There was one fan to our right, sporting a plaid shirt and matching plaid pants, a black man having had just a few too many Bud Lights, who began letting his presence be known roundabout the third inning.  “Let’s go RAY-EDS” over and over.  “Who y’all cheering foe”?  He’d ask as everyone turned around to see who was cheering so loudly.  His wife (or maybe his sister), quite overweight and content to be eating throughout all his cheering, never once turned to him to express that perhaps he should tone it down a bit… it was as though she’d been listening to that in front of the TV for years and just didn’t even notice it.  He continued with the “Let’s go RAY-EDS” until we decided to “upgrade” our seat location after the sixth.  So tame--his cheer.  In New York, what I’d be hearing is… “Justice!!  You suck!!!  No wonder Hale left, you, you bum!!”  Here, a simple, “Let’s Go RAY-EDS.”
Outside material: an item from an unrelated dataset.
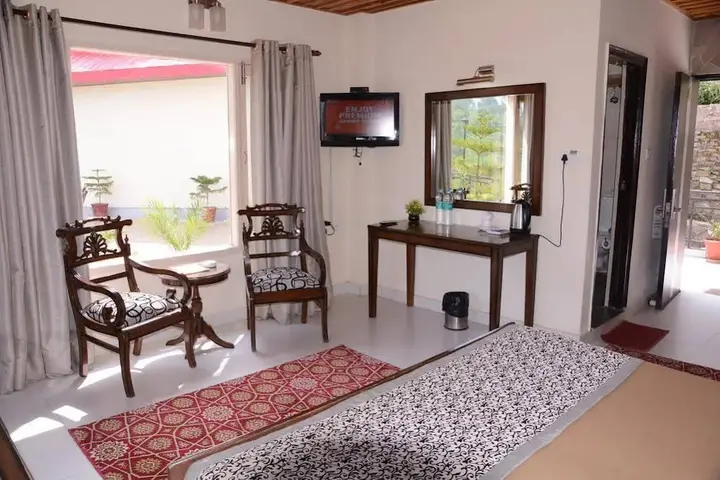 Куфри: Maple Resort Chail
The Reds didn’t “Go” enough.  They took it on the chin, 5-3.  That’s four straight wins for the A’s, and four straight losses for the Reds.  But Red fans can take some solace in the fact that when it really mattered; their beloved nine swept the A’s in four games in 1990 to take the Series title.  It’s right there to see—in right field--the commemorative banner.  And that--is why we were at Riverfront.

Next:  Chicago.  Two days off from baseball (although we might consider a ride up to see the Brewers on Sunday).  Wrigley Monday night against these same Reds.  Too cool.